Wherever and whenever the Good News is preached in the whole world, what these two women have done is to be told in their memory! Like Jesus, they empty themselves and give their whole lives to God! [Philippians 2:5-11] Jesus calls our attention to these two women in Holy Week, the week of the Passover. The week of his Passion. His passion is for us to become a community of God’s hesed, God’s acts of faith, God’s mercy and steadfast love. Yet, we routinely rush past these two stories to get to the story of his arrest and execution. We routinely overlook these two nameless women he calls all of us to see and to remember and to tell their story. Because their story is his story. Just as his story is theirs. And his story and their story are to become our story. He knows he is going to die. Two of his last faith-acts of hesed ask us to remember them. To tell their stories.
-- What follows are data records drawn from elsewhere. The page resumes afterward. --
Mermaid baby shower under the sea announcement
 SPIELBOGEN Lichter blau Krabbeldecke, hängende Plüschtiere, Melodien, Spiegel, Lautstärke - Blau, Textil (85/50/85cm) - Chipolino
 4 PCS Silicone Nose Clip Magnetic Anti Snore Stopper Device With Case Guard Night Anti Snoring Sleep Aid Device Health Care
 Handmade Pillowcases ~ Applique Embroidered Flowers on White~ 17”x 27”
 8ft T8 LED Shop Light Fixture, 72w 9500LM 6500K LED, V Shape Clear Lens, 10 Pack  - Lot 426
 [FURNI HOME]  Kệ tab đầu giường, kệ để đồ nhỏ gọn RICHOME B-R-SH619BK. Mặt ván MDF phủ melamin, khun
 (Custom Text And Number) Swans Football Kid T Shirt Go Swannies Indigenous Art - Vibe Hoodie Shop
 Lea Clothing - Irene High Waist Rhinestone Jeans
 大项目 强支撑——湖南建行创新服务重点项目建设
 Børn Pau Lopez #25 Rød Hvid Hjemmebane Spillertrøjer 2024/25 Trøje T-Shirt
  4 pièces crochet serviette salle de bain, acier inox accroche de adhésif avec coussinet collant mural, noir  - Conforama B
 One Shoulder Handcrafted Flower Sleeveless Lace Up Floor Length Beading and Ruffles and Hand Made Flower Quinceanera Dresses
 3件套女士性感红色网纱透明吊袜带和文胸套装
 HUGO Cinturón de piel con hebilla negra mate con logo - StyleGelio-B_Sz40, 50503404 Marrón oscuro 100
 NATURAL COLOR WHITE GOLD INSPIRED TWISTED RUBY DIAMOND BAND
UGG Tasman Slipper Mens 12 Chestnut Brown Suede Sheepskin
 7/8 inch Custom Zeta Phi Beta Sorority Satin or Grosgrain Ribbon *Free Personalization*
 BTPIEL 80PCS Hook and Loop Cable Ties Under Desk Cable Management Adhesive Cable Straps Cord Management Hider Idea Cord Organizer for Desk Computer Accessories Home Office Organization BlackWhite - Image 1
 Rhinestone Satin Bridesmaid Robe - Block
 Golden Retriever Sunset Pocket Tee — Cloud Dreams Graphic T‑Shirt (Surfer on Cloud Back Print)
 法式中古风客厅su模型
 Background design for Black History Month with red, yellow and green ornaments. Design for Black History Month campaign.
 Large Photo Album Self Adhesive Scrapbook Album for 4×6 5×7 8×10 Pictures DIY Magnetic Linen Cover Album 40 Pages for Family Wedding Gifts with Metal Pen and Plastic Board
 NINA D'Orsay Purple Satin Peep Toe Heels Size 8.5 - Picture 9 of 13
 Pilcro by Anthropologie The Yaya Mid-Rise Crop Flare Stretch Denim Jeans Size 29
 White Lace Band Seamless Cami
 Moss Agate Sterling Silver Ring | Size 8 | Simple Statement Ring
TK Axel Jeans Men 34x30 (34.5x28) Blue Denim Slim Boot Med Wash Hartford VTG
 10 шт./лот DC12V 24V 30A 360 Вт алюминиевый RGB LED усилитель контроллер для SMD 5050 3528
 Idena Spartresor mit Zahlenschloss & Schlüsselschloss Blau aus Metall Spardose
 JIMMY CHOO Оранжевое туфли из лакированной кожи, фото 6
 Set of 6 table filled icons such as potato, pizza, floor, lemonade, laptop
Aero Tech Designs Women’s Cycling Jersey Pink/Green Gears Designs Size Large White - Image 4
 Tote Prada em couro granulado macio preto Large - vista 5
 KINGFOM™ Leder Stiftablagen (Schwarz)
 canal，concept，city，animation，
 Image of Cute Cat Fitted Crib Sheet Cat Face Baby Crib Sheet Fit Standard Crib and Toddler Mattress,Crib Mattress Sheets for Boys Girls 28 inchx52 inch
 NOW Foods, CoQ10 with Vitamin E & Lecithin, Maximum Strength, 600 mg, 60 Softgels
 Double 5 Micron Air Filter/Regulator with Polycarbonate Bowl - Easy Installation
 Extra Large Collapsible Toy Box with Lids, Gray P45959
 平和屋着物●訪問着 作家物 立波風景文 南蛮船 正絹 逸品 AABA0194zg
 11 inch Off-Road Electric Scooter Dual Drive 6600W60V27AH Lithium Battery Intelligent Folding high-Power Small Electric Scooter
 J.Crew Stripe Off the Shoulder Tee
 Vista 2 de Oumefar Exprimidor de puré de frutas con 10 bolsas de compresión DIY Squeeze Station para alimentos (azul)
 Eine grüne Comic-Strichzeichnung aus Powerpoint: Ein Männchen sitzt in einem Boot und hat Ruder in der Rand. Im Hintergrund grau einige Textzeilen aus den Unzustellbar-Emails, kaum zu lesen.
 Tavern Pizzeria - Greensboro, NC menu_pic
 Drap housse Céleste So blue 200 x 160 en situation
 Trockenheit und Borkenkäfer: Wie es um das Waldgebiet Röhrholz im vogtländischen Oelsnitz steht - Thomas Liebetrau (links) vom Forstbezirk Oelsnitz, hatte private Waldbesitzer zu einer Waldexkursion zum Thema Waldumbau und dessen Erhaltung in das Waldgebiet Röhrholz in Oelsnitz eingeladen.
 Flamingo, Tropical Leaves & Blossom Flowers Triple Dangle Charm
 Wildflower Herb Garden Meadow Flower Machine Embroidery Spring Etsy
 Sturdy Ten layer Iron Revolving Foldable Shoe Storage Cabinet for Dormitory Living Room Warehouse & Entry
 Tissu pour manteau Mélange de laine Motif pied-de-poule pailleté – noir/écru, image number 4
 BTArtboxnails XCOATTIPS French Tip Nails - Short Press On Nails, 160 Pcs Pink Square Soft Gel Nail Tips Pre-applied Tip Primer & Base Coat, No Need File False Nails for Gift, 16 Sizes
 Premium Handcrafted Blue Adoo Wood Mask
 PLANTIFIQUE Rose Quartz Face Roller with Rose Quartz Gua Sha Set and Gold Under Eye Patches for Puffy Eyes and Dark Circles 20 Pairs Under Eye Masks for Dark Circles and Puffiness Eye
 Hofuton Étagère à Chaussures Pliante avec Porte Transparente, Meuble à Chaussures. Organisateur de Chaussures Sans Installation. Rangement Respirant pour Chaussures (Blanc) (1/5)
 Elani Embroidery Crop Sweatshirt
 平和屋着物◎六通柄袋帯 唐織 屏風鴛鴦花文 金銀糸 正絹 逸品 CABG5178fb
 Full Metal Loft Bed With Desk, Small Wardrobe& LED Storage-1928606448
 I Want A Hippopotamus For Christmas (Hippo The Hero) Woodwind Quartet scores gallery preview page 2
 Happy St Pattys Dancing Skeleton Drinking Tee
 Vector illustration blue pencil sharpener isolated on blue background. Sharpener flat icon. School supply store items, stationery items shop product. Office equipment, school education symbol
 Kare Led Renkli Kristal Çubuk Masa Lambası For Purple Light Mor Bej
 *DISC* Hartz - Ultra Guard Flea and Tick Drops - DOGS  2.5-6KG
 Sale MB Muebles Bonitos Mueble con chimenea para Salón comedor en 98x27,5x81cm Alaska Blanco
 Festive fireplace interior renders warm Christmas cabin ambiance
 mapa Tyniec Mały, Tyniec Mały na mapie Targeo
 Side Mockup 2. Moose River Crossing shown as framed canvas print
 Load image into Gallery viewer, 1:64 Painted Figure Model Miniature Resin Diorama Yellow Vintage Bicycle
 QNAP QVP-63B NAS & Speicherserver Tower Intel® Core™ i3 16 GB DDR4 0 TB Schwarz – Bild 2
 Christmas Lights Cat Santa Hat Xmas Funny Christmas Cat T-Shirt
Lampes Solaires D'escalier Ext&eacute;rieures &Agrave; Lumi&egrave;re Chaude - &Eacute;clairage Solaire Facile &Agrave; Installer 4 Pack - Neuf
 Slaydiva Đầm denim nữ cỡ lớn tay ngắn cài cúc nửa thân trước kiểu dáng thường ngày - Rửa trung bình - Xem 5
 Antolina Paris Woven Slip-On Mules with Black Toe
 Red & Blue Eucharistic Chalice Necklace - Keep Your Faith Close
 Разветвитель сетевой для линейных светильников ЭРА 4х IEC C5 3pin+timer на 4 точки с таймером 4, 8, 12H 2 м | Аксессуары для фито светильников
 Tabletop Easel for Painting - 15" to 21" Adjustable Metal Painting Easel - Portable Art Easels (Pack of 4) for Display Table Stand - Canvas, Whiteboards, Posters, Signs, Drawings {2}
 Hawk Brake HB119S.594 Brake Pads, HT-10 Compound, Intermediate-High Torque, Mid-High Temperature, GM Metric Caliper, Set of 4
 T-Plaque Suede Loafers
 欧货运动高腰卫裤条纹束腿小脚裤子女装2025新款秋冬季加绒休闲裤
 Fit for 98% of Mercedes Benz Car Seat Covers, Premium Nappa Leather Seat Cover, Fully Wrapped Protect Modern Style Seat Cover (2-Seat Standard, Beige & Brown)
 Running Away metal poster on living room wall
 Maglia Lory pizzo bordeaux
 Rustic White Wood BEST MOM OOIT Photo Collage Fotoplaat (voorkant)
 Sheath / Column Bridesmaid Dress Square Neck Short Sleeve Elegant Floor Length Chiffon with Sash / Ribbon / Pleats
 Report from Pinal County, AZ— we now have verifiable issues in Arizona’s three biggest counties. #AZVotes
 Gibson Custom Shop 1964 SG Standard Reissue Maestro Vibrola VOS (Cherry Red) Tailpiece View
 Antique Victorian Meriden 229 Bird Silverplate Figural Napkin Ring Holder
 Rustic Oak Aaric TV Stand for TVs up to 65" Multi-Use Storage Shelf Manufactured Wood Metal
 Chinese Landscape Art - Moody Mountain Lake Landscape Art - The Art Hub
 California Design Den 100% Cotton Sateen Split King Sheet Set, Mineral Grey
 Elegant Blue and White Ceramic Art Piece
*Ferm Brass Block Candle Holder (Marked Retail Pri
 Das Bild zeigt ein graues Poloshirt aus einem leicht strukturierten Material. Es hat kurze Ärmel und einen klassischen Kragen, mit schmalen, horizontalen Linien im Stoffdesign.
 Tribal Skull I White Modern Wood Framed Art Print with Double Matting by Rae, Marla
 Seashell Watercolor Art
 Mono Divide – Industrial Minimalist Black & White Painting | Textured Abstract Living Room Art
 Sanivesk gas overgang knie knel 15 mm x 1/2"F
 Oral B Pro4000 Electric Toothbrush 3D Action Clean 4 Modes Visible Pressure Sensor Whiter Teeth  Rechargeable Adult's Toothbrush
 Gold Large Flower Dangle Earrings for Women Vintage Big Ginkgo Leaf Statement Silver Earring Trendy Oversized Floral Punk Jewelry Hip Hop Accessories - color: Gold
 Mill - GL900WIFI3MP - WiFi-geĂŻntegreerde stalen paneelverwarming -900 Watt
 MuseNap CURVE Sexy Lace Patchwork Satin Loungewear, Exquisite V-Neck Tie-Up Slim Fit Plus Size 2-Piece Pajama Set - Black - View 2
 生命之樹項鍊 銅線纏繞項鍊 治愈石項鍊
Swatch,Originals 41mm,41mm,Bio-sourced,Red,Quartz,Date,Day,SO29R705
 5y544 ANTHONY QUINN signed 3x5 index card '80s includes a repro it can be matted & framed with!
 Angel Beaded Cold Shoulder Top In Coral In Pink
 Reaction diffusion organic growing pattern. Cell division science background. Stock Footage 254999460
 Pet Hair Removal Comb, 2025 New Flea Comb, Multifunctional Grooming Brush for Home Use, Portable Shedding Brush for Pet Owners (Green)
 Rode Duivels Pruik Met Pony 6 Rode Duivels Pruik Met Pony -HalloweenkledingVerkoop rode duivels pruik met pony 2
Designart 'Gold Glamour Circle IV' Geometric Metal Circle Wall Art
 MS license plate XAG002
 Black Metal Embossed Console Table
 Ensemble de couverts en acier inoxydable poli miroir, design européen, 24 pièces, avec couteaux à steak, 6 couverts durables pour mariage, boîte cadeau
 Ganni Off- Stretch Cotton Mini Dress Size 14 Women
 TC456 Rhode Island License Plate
To be like them.

 

How might we best do that? What does it mean to remember them and tell their story? How might we give our whole life to Jesus in ways that he would respond by saying, “Amen! So be it”? If two unnamed women, a widow and a stranger from off the street, are exemplars of generosity, faith and trust, of what it means to follow Jesus, what in their stories might become a part of our story as well? So that one day we may hear Jesus say to us, “Amen. So be it! You live a life of God’s hesed! Wherever the Gospel is preached in the whole world, what you do for others in my name will be told in memory of you!” Amen! So be it! So, Be it!